The Aberdeen City War Memorial at the Cowdray Hall, Aberdeen.          
Picture by Kami Thomson    30-04-18
The Aberdeen City War Memorial at the Cowdray Hall, Aberdeen. Picture by Kami Thomson 30-04-18

The Aberdeen City War Memorial has been illuminated once again following fears that the famous lion could be left in the dark for months.

Concerns were raised last week that the lights surrounding the iconic granite sculpture and pillars outside Cowdray Hall on Schoolhill were shut off due to concerns over a planning issue.

New LED lights were installed at the site as part of the £30million redevelopment of the Art Gallery and Cowdray Hall.

War memorial lion could be left in the dark due to ‘bizarre’ planning dispute

However, they had been switched off since they were installed because of confusion regarding planning permission and listed building consent not being in place.

But as of Saturday evening, the city’s historic memorial to those who died fighting for their country have been lit up at night once more.

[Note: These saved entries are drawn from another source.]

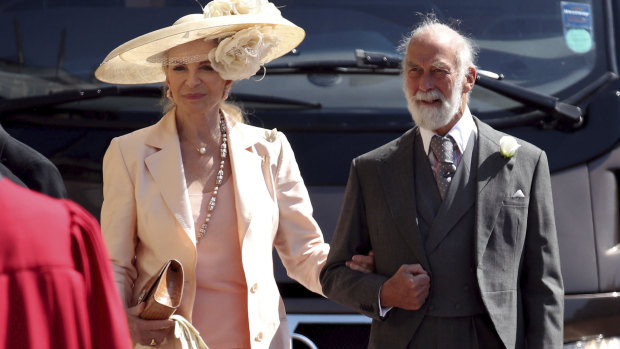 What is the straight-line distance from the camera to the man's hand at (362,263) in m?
3.29

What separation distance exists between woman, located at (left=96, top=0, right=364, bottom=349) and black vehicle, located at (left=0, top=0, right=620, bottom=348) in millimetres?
585

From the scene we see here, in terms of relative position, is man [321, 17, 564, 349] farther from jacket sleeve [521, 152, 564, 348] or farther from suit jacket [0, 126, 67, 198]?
suit jacket [0, 126, 67, 198]

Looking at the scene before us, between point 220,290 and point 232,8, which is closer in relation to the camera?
point 220,290

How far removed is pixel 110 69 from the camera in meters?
3.86

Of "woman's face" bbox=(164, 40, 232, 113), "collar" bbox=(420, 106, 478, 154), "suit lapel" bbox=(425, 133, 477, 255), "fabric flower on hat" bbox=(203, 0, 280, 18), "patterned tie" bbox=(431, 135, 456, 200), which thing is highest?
"fabric flower on hat" bbox=(203, 0, 280, 18)

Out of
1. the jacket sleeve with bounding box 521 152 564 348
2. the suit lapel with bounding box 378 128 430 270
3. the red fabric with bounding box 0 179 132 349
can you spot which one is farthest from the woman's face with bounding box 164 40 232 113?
the red fabric with bounding box 0 179 132 349

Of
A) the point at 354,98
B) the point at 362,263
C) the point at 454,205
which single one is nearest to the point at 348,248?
the point at 362,263

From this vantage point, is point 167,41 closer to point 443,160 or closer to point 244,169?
point 244,169

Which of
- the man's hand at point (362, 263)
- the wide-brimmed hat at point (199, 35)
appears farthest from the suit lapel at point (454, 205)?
the wide-brimmed hat at point (199, 35)

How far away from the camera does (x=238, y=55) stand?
353 cm

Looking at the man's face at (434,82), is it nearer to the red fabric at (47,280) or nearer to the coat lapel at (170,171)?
the coat lapel at (170,171)

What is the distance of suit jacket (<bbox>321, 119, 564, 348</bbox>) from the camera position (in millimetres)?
3135

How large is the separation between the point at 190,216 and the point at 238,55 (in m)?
0.53

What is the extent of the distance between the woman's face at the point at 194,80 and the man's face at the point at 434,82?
2.19ft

Michael Hutchison, councillor for the George Street and Harbour ward, had previously raised fears that the “tradition” of climbing the lion could be encouraged by a lack of proper lighting.

Mr Hutchison said: “I’m very pleased to see a swift resolution has been found here.

“The new lighting is simple, respectful and makes it clear that this is the city’s war memorial.

“It’s fitting that such a poignant tribute to our fallen is illuminated by such a stunning lighting feature.”

Police were called to the Schoolhill memorial last month after a 20-year-old woman fell from the lion.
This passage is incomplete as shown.